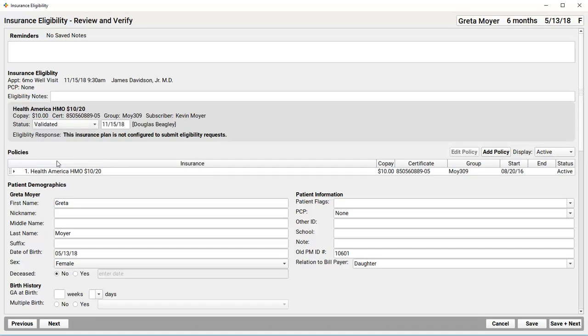And, notice also, PCC EHR records that it was me, Douglas, today, that verified that eligibility.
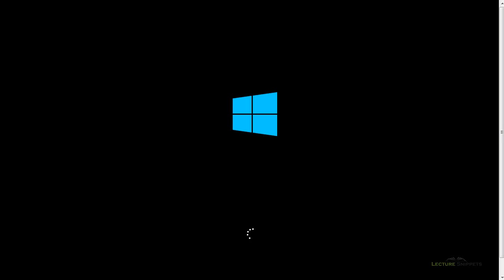In this lecture snippet, I'm going to install Windows Server 2012 onto an actual server. I've booted it up from the DVD disk that I have of Windows Server 2012, and I'm going to go through the process of actually installing it on my server now.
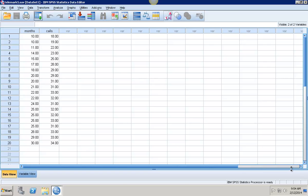This video will walk you through polynomial transformations using SPSS. We're looking at the data set Telemarks 5, which is giving us information about calls over the last 20 days and the number of months that the telemarketer has been on the job.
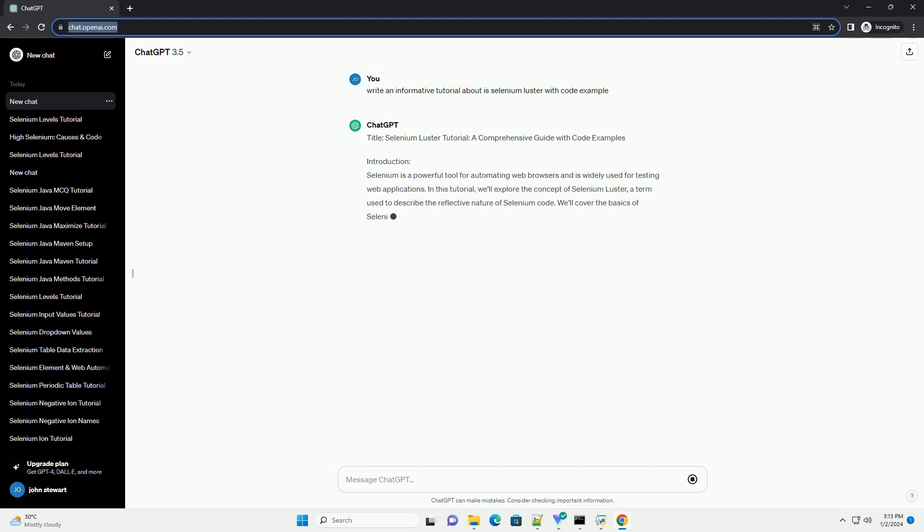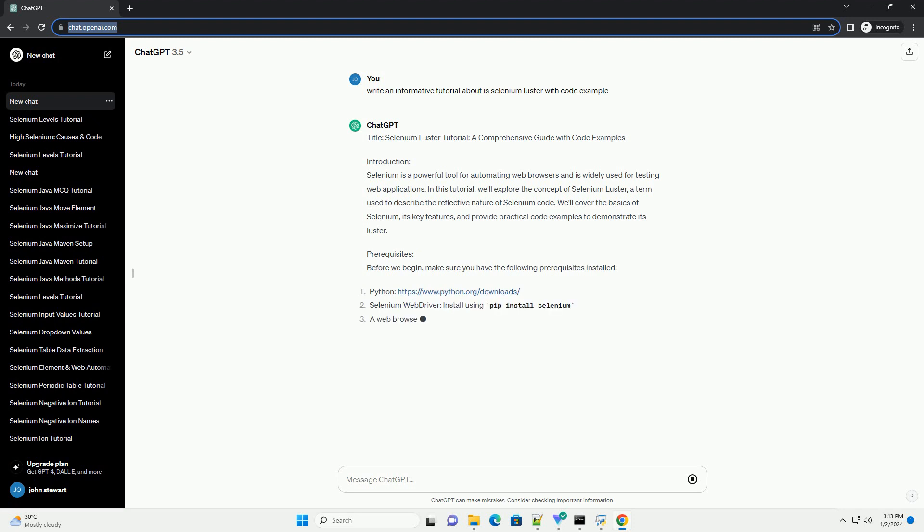Title: Selenium Luster Tutorial, a comprehensive guide with code examples.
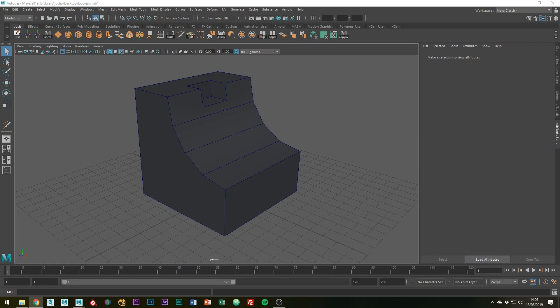In a previous tutorial using the multi-cut tool, I showed you a way to manually clean up your topology. In this tutorial, I'm going to show you an automatic way to do so which is faster and requires a lot less work.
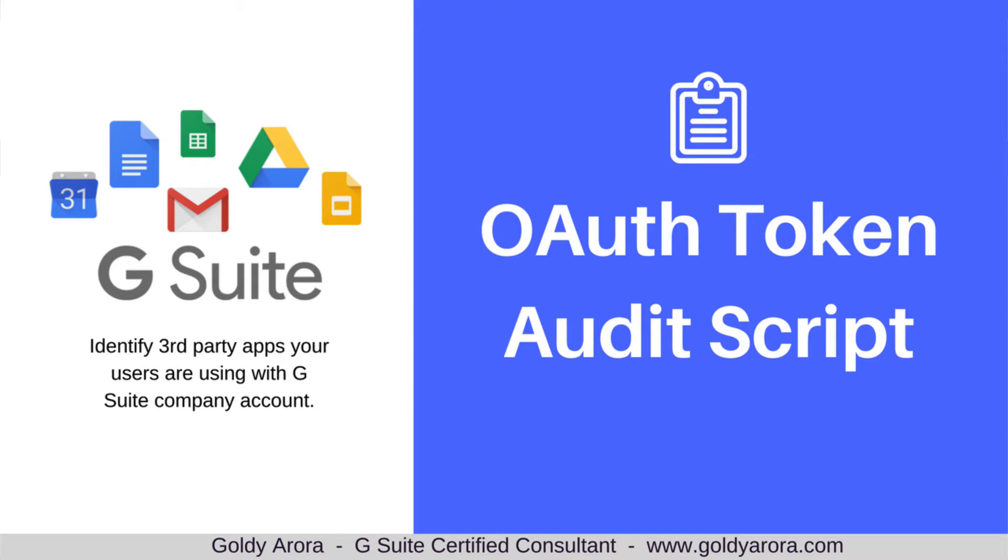Hey guys, this is Goldie again. In today's video, I'll show you how you can do an audit of the applications which your users might have installed, which is kind of shadow IT where you don't know which applications your users are using and installing by themselves.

------------

The entire listing above, minus its pictures, should be copied out exactly.

## RESPONSE FOR THIS EXERCISE:
And, notice also, PCC EHR records that it was me, Douglas, today, that verified that eligibility.
In this lecture snippet, I'm going to install Windows Server 2012 onto an actual server. I've booted it up from the DVD disk that I have of Windows Server 2012, and I'm going to go through the process of actually installing it on my server now.
This video will walk you through polynomial transformations using SPSS. We're looking at the data set Telemarks 5, which is giving us information about calls over the last 20 days and the number of months that the telemarketer has been on the job.
Title: Selenium Luster Tutorial, a comprehensive guide with code examples.
In a previous tutorial using the multi-cut tool, I showed you a way to manually clean up your topology. In this tutorial, I'm going to show you an automatic way to do so which is faster and requires a lot less work.
Hey guys, this is Goldie again. In today's video, I'll show you how you can do an audit of the applications which your users might have installed, which is kind of shadow IT where you don't know which applications your users are using and installing by themselves.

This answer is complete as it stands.